DAHLONEGA — The annual fall festival "Gold Rush Days," sponsored this year by the Dahlonega Jaycees, drew hundreds to the Northeast Georgia town this past weekend for a mix of arts and crafts and tasty food.
The town square and many of the streets leading away from it were lined with vendors under tents selling a variety of items and lots of different kinds of food. The festival also featured a parade through the square and gospel singing.
The fall festival is held every year during the third weekend of October to commemorate the nation’s first major gold rush, which happened in Dahlonega in 1828.
In addition to the variety of entertainment, food and other wares, several North Georgia College & State University sororities and groups also held fundraisers during the festival.
For vendors, the festival was a good opportunity for them to share their items.
Tracy Stephans sold long-sleeved T-shirts and sweatshirts fitted for women, all of which had been embroidered with holiday designs by herself.
"I’ve done this show for a couple of years," said Stephans. "It’s a lot of fun, and I like to talk to people. I just have a good time."
She also sells items for infants on which the baby’s name can be embroidered.
"I like being in Dahlonega," said Stephans. "It’s my favorite time of the year."
Brian Beals sold wooden puzzles that he carved himself.
"We were here last year, and we did quite well, so we’re back again this year," said Beals. "It’s a great show."
Beals said he started carving puzzles five years ago for his grandchildren. His puzzles are made from different kinds of wood such as maple and walnut. The puzzles were colored with food coloring approved by the Food and Drug Administration and coated with a sealer.
People came from across Northeast Georgia to experience the fall festival.
Stephanie Shoun of Gainesville said she decided to come to the festival "just out of the blue."

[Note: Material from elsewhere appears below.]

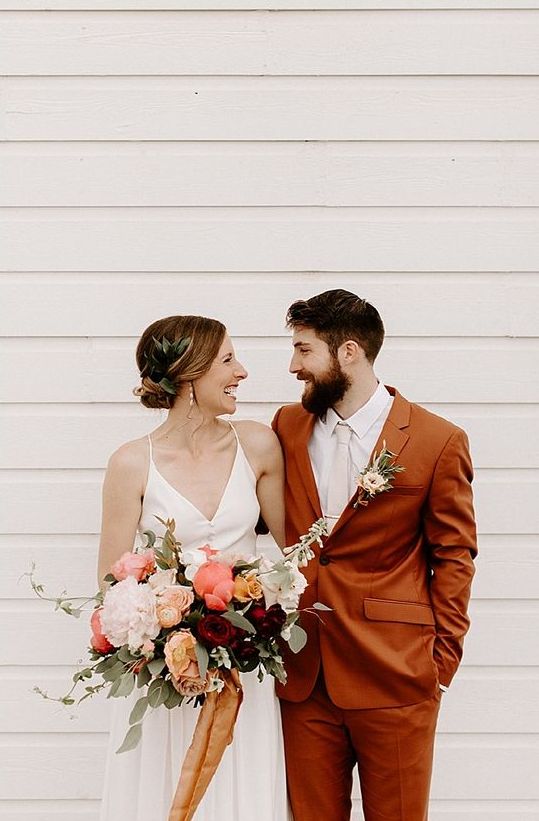a rust-colored suit, a white shirt and a creamy tie, a neutral floral boutonniere for a pretty summer or fall boho wedding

"It’s a nice day, and it’s something to do," said Shoun. "I enjoy just being in the mountains, looking at the different vendors, and seeing the talents of all of the people."
Matthew Milner came with his family from Hartwell to enjoy the festival.
"It’s a family tradition. We do it every year," said Milner.
He said he and his family like going to all the different fall festivals featured in Northeast Georgia every year.
Other festivals that take place in Dahlonega during the year are An Old-Fashioned Christmas in Dahlonega, held in December, and Bear on the Square, held in April.